The related work focuses on some of the most important achievements in waste classification and management using deep learning, computer vision, and generative models (Peng et al., 2020). However, the related work also appreciates the ongoing utilization of multimodal dataset to enhance waste classification’s progress. Although the methods using TrashNet and TACO are still common, studies such as BDWaste indicate the importance of the variability of the images’ capture and detailed labels. The images in the TrashNet dataset, which is popular in articles related to waste classification, are well-tagged by category and have been useful in comparing classification models. Likewise, TACO provides real pictures of trashes with rather detailed annotations which could be help for certain fine-tuned classification studies.
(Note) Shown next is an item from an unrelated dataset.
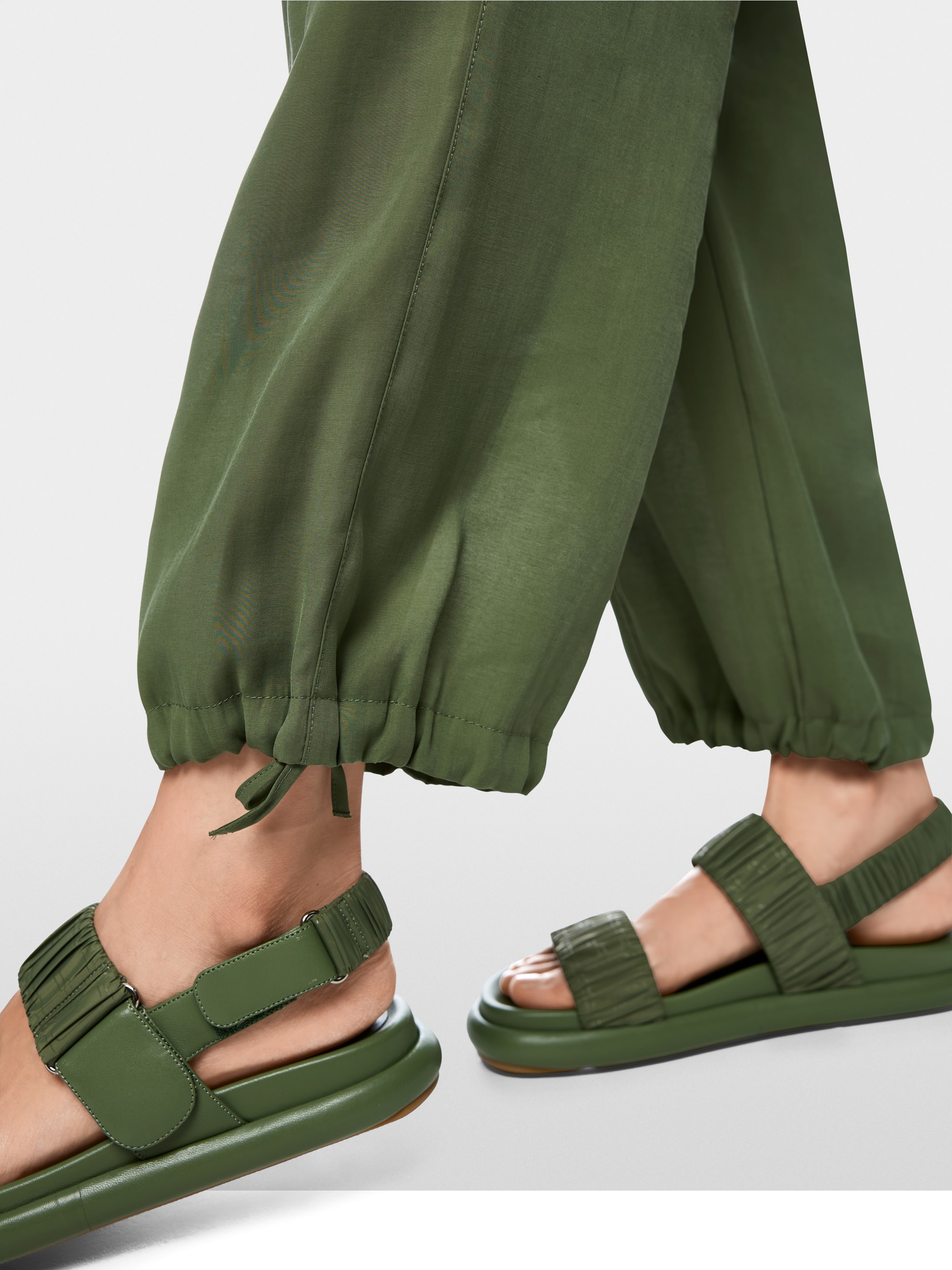 REWARI jogging-style trousers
But even these datasets do not capture new changes in categorization of wastes for instance, inclusion of medical waste or mixed material items. There are also problems of diversity and representation in both datasets, where for the less represented categories there are problems solved by synthetic data augmentation. Specifically, next-generation GAN architectures for synthetic data generation present a plausible method to resolve these gaps by increasing the diversity of datasets while training models for classification. Researches have used methods like lightweight GANs for generating synthetic data, and pre-trained models including ResNet, VGG, and Inception for waste categorization, and StyleGAN for recognizing defects. Specifically, using I-Ensemble models for small object detection the accuracy of at 99% and with DLSODC-GWM at 98.61% shows the efficiency of these technique. Combining methods such as CNNs, ANN and ECOC have been extended even further to attain accuracy rates greater than 99%. Challenges posed by waste management coupled with the concept of the IoT and MobileNetV2 as illustrated by smart dustbin systems (SDS) present an opportunity for improving waste management in urban areas. However, issues regarding the efficiency of artificial dataset still remain and particular type of waste such as medical type of waste and there is need for more analysis using big data and better generalization of results in future studies.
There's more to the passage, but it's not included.